**Task directions**
Copy out nothing but the lines from the one holding "Kırmızı biber, maydanoz" through the end of the entries below, exactly as written and without the pictures.

**Supplied data**
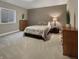 Bedroom with a patterned bedspread, wood dresser, small window, and plush carpet at 6693 W May Apple Dr, McCordsville, IN 46055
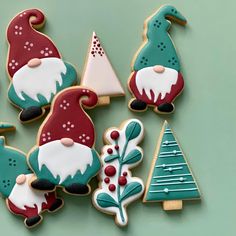 decorated christmas cookies are arranged on a green surface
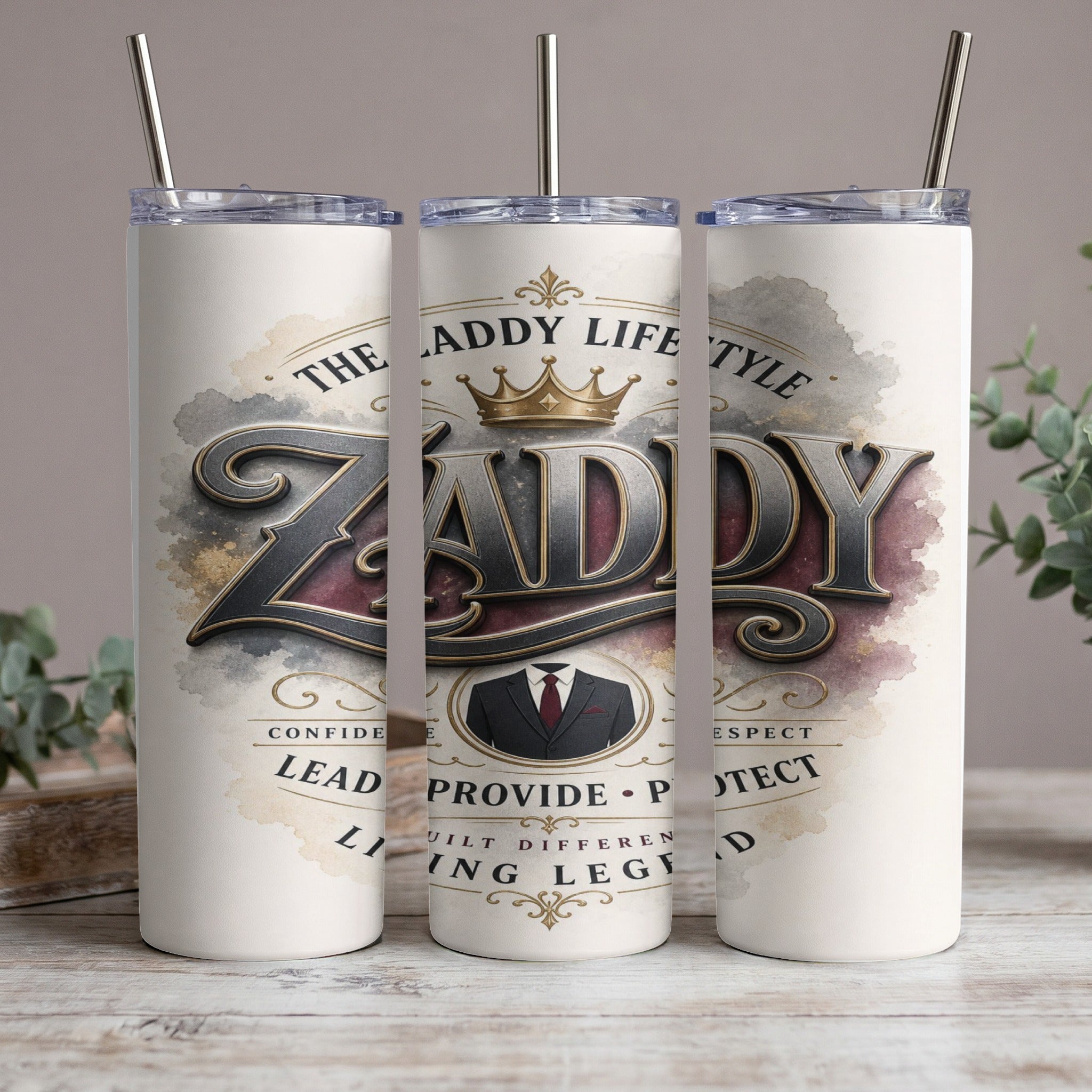 White tumbler with "ZADDY" in large metallic font, crown, suit, and words.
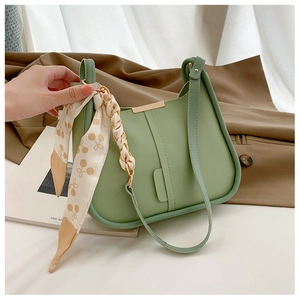 Détail du sac seau demi-lune vert avec foulard en soie floral et finitions dorées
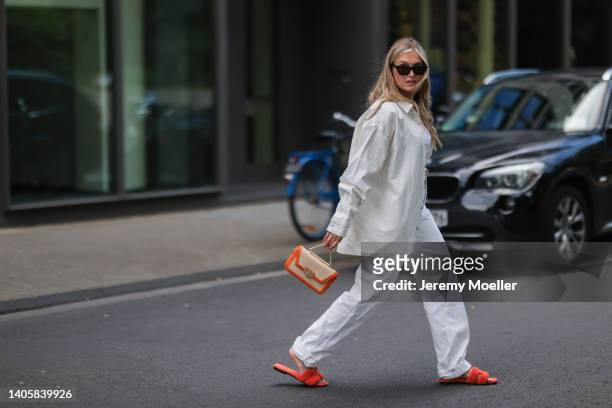 Katharina Bonmann seen wearing black sunglasses, a white crop top from NØNOUC studios, a white denim shirt jacket, a white denim jeans pants, an...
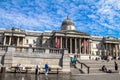 Unidentified tourists near National Gallery in Trafalgar Square, London . UK Royalty Free Stock Photo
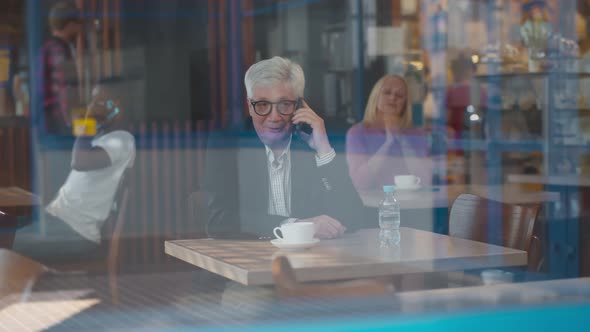 View Through Window of Senior Businessman Talking on Phone and Drinking Coffee in Modern Cafe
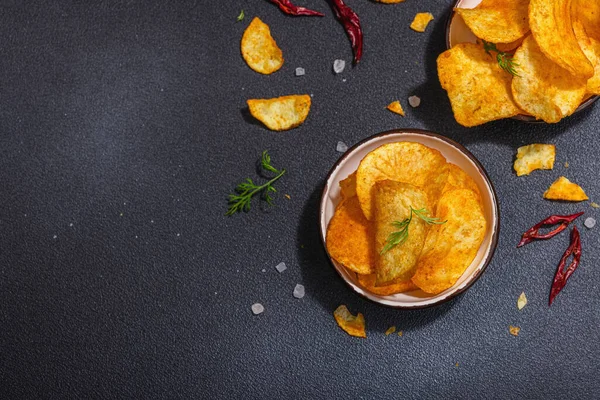 Kırmızı biber, maydanoz ve siyah beton arka planda tuz ile servis edilen ev yapımı patates cipsi kaseleri. Modaya uygun sert ışık, koyu gölge, üst manzara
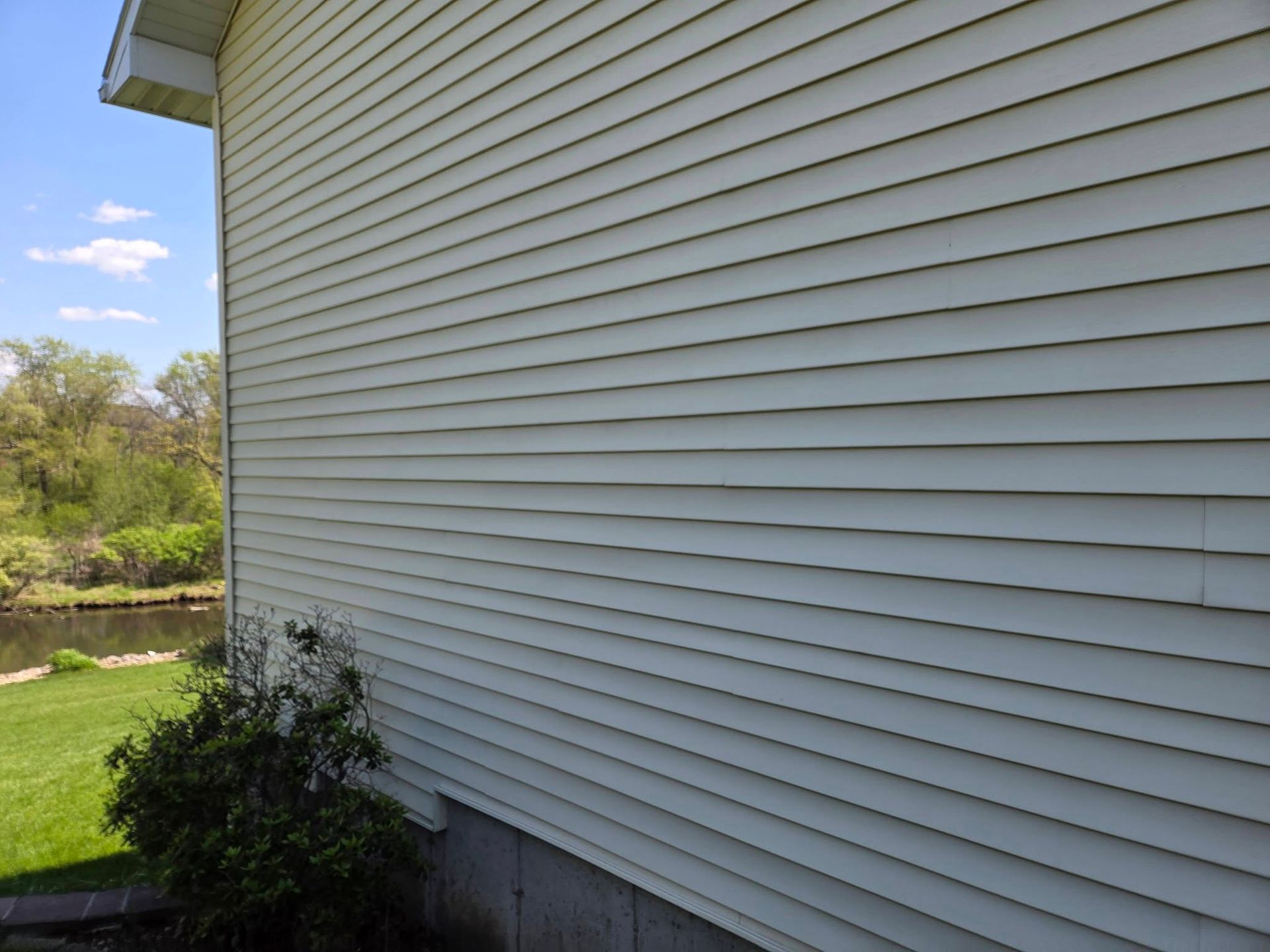 Side view of a white house with vinyl siding, a small shrub, and green lawn under a blue sky.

**Solution for this problem**
 Kırmızı biber, maydanoz ve siyah beton arka planda tuz ile servis edilen ev yapımı patates cipsi kaseleri. Modaya uygun sert ışık, koyu gölge, üst manzara
 Side view of a white house with vinyl siding, a small shrub, and green lawn under a blue sky.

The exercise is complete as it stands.